■ What the task asks
Look below for the line containing "WASHED DOUBLE GAUZE ELASTIC WAIST ROMPER" and the line containing "Chicken Parmigiana ·"; repeat exactly those two lines and all lines between them, and nothing else.

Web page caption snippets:
===============
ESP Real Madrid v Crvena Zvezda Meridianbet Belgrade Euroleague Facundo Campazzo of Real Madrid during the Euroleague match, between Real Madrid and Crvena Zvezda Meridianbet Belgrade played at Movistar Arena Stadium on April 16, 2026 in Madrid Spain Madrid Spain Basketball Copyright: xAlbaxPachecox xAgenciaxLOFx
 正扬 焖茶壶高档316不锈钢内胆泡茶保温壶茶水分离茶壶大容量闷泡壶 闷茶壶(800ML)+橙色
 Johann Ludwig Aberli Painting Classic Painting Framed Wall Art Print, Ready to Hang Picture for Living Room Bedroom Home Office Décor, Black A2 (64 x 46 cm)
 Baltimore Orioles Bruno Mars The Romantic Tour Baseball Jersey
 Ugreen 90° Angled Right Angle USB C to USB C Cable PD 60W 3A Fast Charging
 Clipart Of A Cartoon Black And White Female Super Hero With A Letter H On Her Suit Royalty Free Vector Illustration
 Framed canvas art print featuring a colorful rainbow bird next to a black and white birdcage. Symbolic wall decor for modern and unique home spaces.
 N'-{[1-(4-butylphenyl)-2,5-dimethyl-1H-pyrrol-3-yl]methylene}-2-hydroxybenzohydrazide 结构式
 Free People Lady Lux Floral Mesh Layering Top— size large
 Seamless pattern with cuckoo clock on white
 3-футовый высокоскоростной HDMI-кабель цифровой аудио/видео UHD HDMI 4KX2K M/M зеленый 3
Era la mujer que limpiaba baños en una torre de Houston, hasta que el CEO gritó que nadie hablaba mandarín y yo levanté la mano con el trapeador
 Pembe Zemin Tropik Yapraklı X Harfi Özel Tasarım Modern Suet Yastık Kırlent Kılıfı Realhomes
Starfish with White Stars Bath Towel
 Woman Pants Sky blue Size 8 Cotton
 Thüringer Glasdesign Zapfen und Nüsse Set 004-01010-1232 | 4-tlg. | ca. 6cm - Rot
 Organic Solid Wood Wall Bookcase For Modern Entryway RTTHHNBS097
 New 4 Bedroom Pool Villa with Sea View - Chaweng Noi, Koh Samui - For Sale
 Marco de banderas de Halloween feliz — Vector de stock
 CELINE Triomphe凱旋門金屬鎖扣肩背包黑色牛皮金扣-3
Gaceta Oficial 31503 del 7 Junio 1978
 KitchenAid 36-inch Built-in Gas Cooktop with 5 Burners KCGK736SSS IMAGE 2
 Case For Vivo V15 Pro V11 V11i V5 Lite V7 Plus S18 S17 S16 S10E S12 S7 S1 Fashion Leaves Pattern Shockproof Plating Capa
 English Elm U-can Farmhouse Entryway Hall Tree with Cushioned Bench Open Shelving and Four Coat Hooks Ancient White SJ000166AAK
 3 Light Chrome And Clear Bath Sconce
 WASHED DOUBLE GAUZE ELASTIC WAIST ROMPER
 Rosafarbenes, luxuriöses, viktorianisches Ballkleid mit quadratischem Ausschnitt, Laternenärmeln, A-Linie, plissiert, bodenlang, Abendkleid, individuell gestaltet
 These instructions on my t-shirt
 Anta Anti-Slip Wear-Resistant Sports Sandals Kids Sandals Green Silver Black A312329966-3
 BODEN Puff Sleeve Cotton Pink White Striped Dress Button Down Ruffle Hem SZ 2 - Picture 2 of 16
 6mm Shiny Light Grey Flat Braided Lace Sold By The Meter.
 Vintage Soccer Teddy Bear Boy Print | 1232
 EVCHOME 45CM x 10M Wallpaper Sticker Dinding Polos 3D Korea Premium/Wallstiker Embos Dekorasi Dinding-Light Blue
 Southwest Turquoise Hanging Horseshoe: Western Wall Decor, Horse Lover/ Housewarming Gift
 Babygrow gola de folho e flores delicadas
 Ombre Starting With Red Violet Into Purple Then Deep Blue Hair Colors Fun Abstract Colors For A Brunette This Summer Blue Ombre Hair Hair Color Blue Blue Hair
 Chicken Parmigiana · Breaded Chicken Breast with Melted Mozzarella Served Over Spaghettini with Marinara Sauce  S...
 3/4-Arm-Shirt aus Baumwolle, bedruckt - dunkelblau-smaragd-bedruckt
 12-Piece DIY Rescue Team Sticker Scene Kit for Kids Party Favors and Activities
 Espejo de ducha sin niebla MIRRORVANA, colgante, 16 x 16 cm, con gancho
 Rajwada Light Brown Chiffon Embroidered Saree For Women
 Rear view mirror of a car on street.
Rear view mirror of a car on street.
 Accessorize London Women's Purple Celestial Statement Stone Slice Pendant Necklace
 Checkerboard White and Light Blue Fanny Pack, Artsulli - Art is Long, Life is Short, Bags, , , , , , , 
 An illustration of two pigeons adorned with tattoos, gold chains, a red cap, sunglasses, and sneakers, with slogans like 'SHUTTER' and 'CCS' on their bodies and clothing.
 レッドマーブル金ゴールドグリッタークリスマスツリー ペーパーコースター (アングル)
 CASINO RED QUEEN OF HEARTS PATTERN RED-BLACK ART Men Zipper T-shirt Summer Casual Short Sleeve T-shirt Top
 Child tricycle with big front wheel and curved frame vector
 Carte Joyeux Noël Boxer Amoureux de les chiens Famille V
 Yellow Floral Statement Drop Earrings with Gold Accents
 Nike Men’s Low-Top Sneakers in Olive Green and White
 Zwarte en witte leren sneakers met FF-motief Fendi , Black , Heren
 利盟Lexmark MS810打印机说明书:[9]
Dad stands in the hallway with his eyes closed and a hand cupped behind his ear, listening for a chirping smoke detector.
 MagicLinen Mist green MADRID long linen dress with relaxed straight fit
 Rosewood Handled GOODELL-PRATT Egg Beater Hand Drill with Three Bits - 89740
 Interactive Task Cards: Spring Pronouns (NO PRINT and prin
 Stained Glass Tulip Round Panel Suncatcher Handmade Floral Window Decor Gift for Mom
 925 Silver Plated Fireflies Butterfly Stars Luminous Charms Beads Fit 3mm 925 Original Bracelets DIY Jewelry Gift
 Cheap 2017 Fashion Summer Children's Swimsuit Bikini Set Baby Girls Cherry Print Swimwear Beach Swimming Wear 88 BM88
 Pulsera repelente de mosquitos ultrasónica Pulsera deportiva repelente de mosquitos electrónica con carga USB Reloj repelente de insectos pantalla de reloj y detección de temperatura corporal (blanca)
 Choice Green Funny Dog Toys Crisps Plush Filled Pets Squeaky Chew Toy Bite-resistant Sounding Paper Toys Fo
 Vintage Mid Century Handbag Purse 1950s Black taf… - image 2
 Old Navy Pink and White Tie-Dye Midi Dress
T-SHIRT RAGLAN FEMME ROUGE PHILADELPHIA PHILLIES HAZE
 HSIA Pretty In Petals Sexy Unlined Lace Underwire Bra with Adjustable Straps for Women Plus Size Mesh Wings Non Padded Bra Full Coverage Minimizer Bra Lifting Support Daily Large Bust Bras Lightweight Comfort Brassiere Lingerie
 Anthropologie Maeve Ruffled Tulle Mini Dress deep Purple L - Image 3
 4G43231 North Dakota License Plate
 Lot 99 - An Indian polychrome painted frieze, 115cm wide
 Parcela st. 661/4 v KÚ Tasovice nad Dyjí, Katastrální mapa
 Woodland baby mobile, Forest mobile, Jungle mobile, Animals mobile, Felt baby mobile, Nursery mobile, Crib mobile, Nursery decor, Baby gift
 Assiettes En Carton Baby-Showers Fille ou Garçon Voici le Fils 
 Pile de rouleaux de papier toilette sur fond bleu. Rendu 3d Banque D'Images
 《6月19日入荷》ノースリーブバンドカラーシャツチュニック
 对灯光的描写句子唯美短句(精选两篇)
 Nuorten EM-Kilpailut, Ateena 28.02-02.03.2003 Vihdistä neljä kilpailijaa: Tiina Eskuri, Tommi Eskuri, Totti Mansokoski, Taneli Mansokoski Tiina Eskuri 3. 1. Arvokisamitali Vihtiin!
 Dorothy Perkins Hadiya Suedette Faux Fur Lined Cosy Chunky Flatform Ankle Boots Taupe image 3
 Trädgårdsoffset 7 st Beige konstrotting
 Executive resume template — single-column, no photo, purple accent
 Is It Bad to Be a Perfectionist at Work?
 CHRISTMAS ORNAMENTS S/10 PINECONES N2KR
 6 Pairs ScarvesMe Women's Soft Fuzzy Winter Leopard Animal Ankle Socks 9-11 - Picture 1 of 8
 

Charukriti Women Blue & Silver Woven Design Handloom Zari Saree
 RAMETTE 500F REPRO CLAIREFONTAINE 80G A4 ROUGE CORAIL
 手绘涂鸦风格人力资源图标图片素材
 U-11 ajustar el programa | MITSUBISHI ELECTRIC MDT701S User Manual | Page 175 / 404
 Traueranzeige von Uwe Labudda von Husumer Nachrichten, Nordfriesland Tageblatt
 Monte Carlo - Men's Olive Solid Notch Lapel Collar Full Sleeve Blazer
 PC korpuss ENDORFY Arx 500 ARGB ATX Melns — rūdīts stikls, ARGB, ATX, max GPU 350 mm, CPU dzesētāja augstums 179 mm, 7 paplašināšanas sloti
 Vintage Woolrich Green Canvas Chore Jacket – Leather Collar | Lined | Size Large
===============
■ Answer below
 WASHED DOUBLE GAUZE ELASTIC WAIST ROMPER
 Rosafarbenes, luxuriöses, viktorianisches Ballkleid mit quadratischem Ausschnitt, Laternenärmeln, A-Linie, plissiert, bodenlang, Abendkleid, individuell gestaltet
 These instructions on my t-shirt
 Anta Anti-Slip Wear-Resistant Sports Sandals Kids Sandals Green Silver Black A312329966-3
 BODEN Puff Sleeve Cotton Pink White Striped Dress Button Down Ruffle Hem SZ 2 - Picture 2 of 16
 6mm Shiny Light Grey Flat Braided Lace Sold By The Meter.
 Vintage Soccer Teddy Bear Boy Print | 1232
 EVCHOME 45CM x 10M Wallpaper Sticker Dinding Polos 3D Korea Premium/Wallstiker Embos Dekorasi Dinding-Light Blue
 Southwest Turquoise Hanging Horseshoe: Western Wall Decor, Horse Lover/ Housewarming Gift
 Babygrow gola de folho e flores delicadas
 Ombre Starting With Red Violet Into Purple Then Deep Blue Hair Colors Fun Abstract Colors For A Brunette This Summer Blue Ombre Hair Hair Color Blue Blue Hair
 Chicken Parmigiana · Breaded Chicken Breast with Melted Mozzarella Served Over Spaghettini with Marinara Sauce  S...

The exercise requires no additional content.